Open peterdesmet opened 1 year ago
Thanks Peter for the suggestion. It sounds like a very sensible and useful feature.
But what would be threshold for records drop? Should it be percentage or number?
I suggest a threshold of 90% (hardcoded), but make it an optional setting when setting up auto-publication. That also leaves room for other options, without making it too complicated. Some of these options should probably not be optional (e.g. source data are missing), but always result in an error.
Enable auto-publication
- [x] Abort when the number of records has dropped by 10%
- [ ] Abort when mapped fields are missing in source data
+1 for support. It would help prevent downstream snafus. The only issue I see here is the secondary need for notification of the abort(s) from the IPT, otherwise an affected dataset may sleep indefinitely in purgatory.
Thanks @dshorthouse Email notification might be a very good idea here.
Email notification would require additional configuration by the administrator — currently the IPT doesn't send any emails.
Having this within the IPT would avoid bad data being published, but having it detected by GBIF would allow easier email notifications and the helpdesk could be involved.
@MattBlissett Actually, IPT does send emails, but not directly and via Registry. There is an option "Click here to contact organisation" and there is a link to send an organization token/password reminder. So we can probably implement that similarly.
Having just been through this with @dshorthouse, I agree that an email notification would be very helpful - especially for those publications that initiated on an automated schedule (I may not see an issue for days otherwise). With nearly 180 resources publishing on a schedule knowing that an event was aborted or that the # of records was reduced (significantly), or both, would be very helpful.

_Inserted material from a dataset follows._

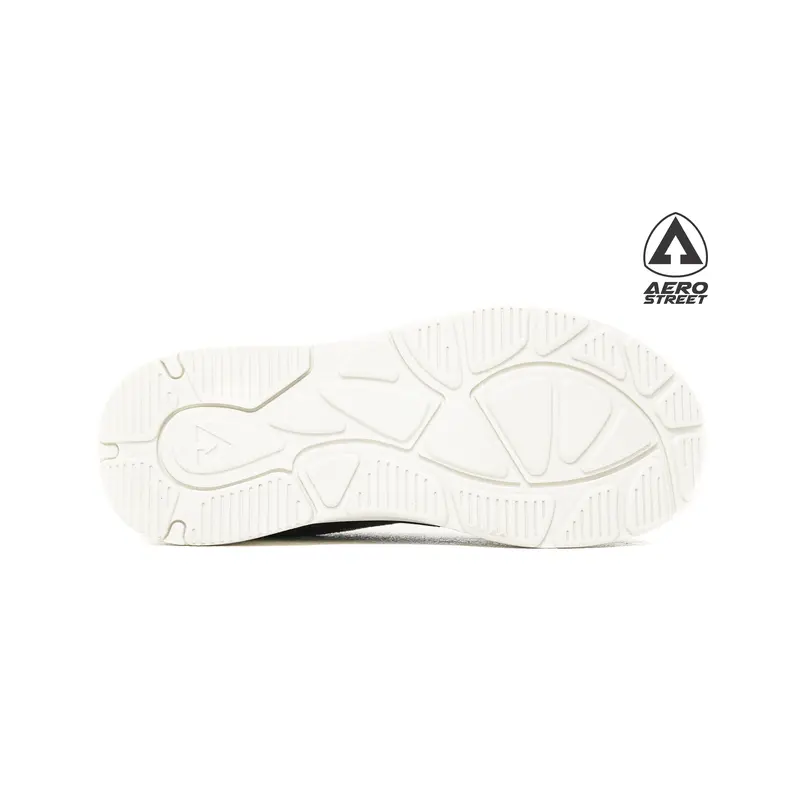 Aerostreet 37-44 Boston Natural Khaki Natural - Sepatu Sneakers Casual 5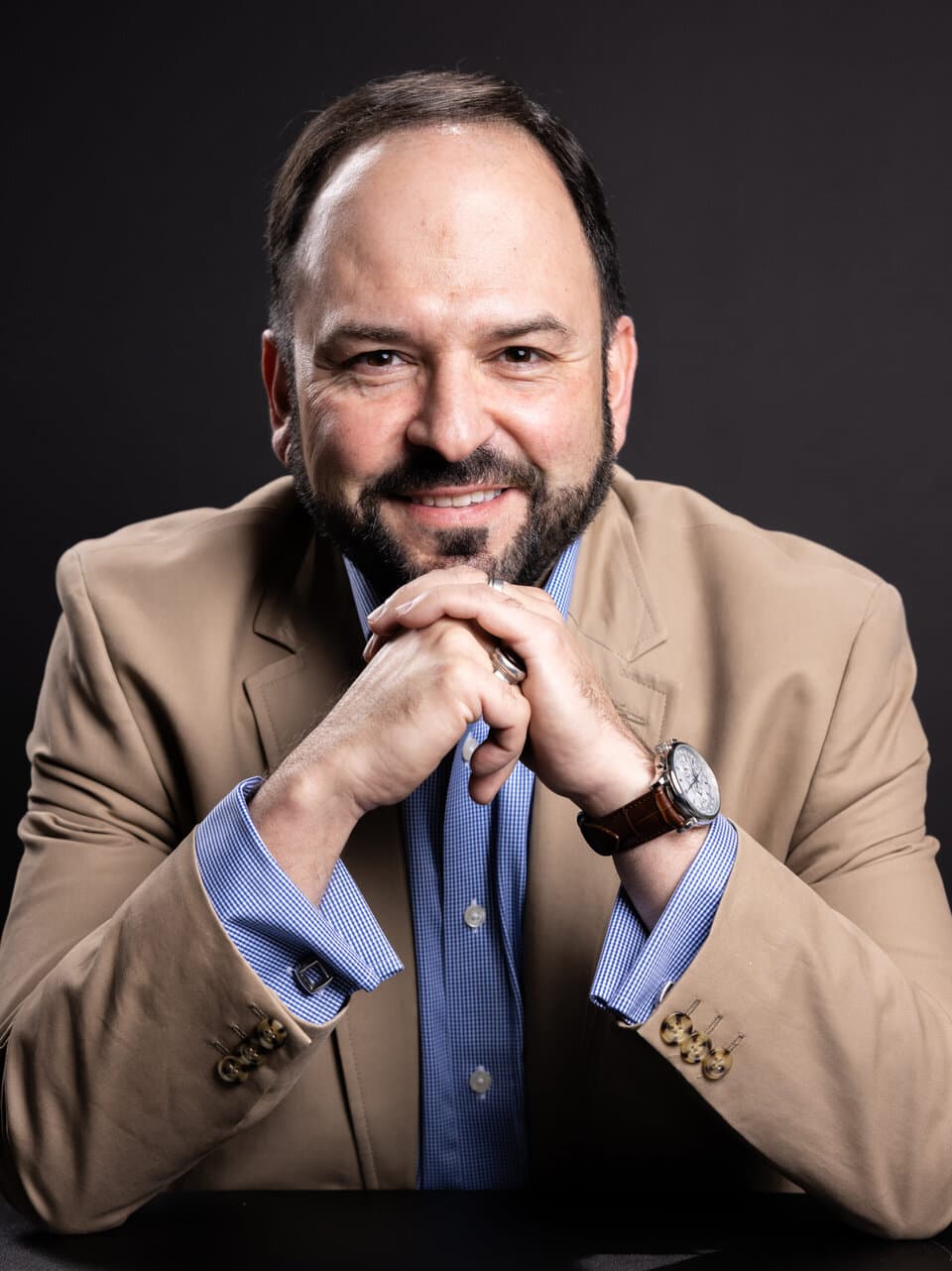 Omeed Rezaian, Executive Advisor and former BCG Consultant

I also think it is important to be able to configure who receives these messages from within the IPT. The VertNet IPT, for example, has several admins, but not all need to, or should, received notices like this.
@MattBlissett Actually, IPT does send emails, but not directly and via Registry. There is an option "Click here to contact organisation" and there is a link to send an organization token/password reminder. So we can probably implement that similarly.
I'd be reluctant for us to send emails triggered by systems (external IPTs) which we do not control. We could have IPTs with resources that are broken for months emailing users who don't want those emails (e.g. no longer work on the resource), and that risks GBIF's systems being considered spammy by Google, Microsoft etc.
TBC.
Source files via URL + auto-publication is very useful for automatically publishing an active dataset. We use it for e.g. the following citizen science dataset: https://ipt.inbo.be/resource?r=dieren-planten-natuurpunt-occurrences
It would be useful however, if the IPT offered some options for aborting the auto-publication. The dataset above for example, has an issue in the pipeline, which resulted in far fewer records in the source file. This resulted in the (unintentional) deletion of many records at GBIF.org. It would have been nice if the IPT can detect this and abort the auto-publication.